• ACTION ITEM: The needed output is the run of lines below from the one containing "Building Photo - 1451" through the one containing "200 Brannan Street Unit: 102", copied exactly and free of pictures.

===== SUPPLIED RECORDS

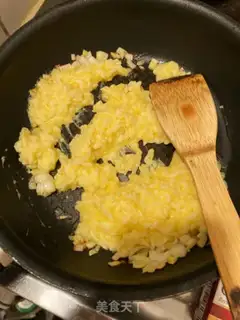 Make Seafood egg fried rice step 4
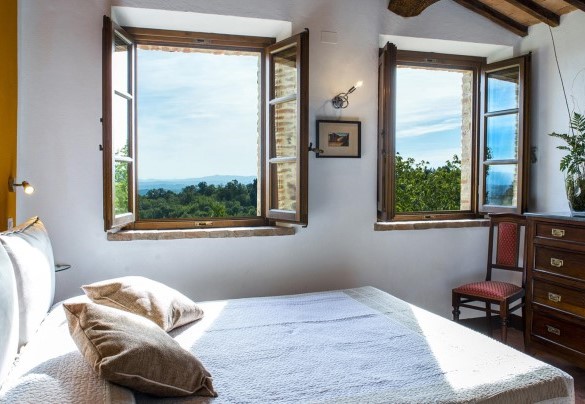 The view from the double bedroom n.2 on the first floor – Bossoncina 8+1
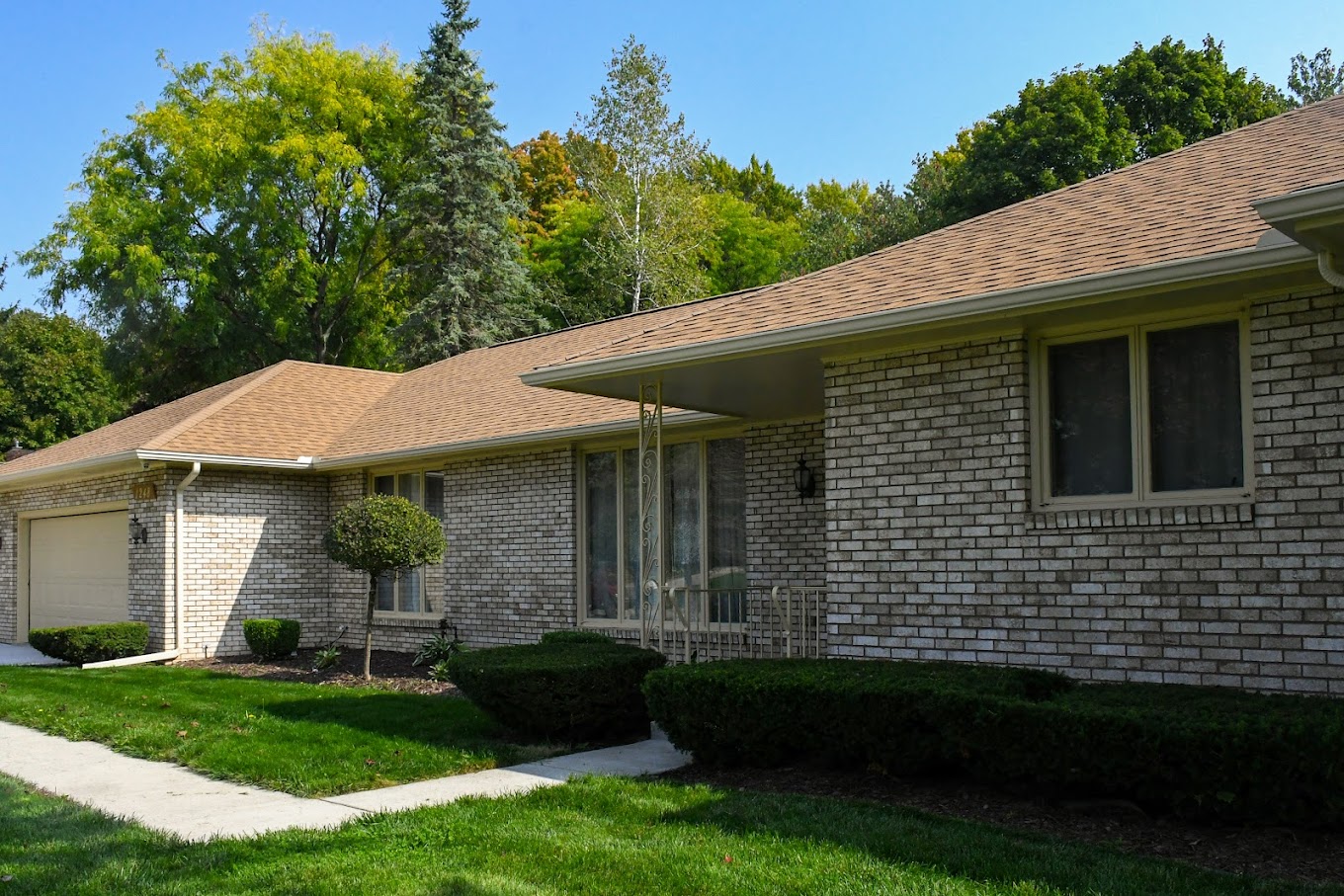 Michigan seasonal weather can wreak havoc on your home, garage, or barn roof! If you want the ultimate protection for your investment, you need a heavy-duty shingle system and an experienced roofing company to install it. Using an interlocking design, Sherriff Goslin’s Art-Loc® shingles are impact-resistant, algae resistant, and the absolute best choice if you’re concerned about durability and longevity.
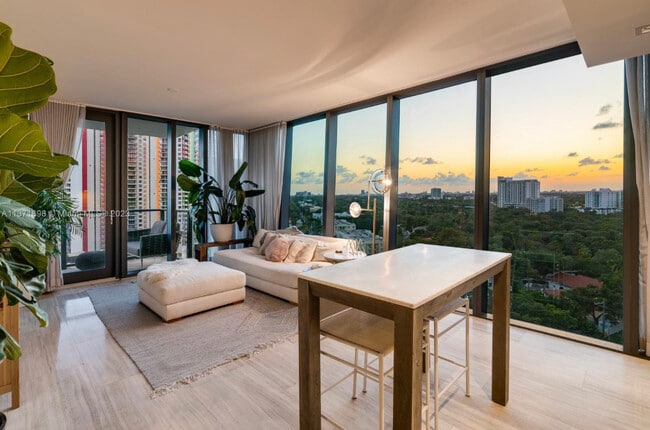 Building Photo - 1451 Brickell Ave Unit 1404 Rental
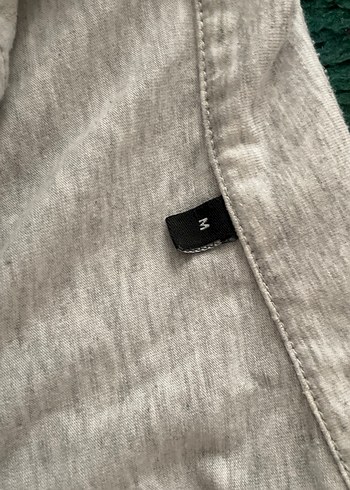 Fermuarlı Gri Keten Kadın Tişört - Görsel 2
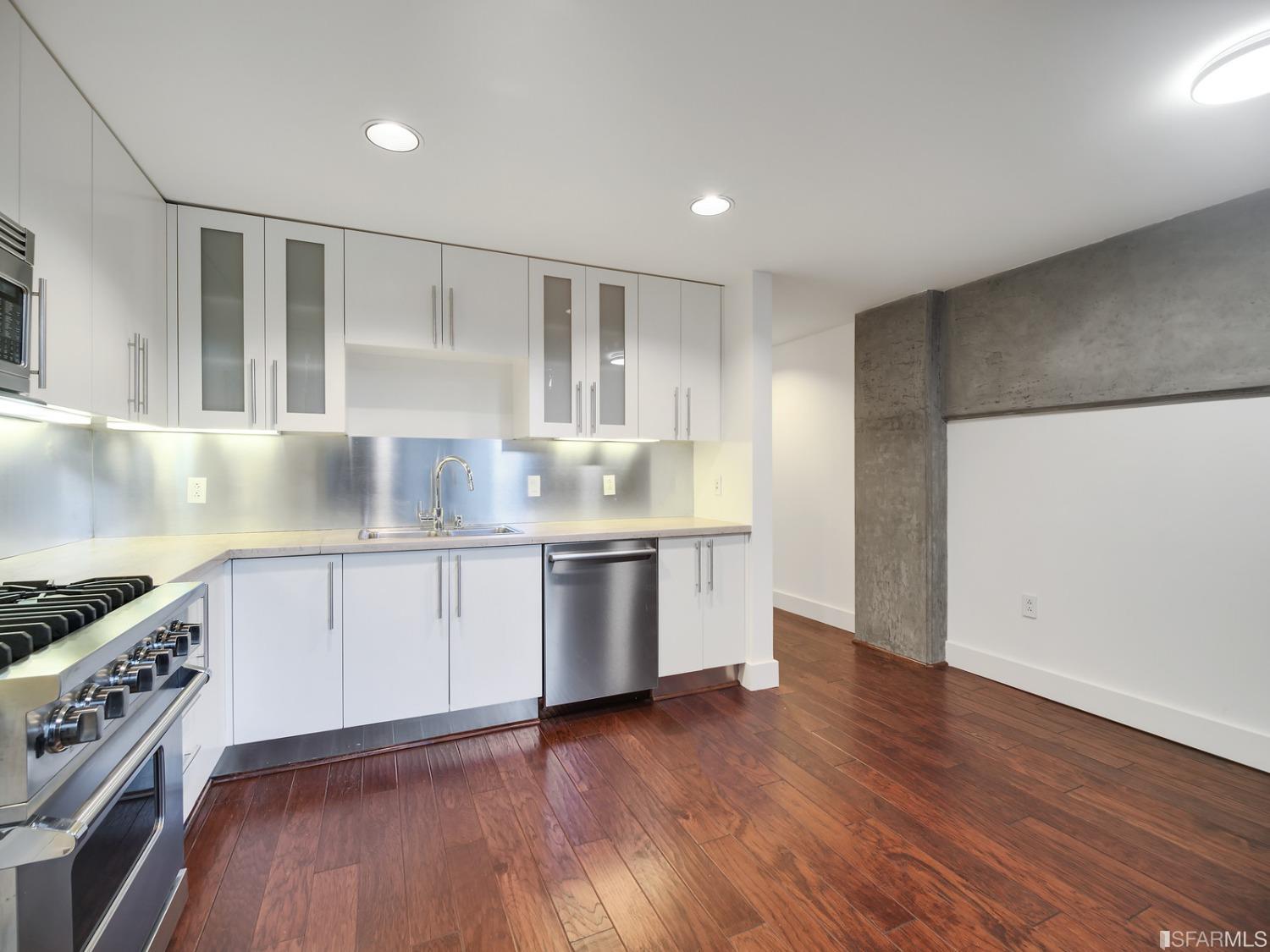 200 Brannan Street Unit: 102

==========
===== SUPPLIED RECORDS

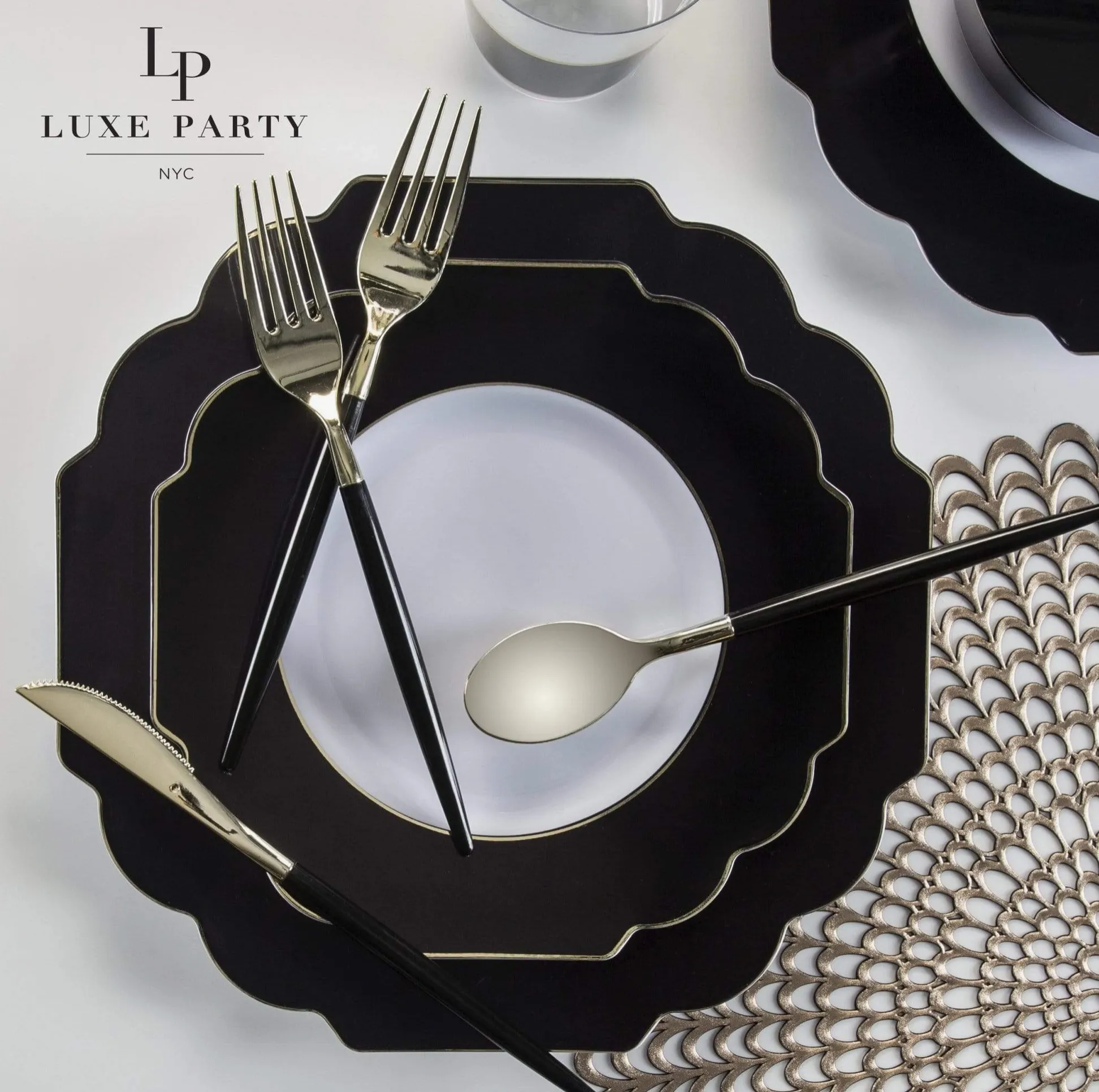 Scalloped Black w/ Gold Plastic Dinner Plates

==========

• REPLY TO THE TASK:
 Building Photo - 1451 Brickell Ave Unit 1404 Rental
 Fermuarlı Gri Keten Kadın Tişört - Görsel 2
 200 Brannan Street Unit: 102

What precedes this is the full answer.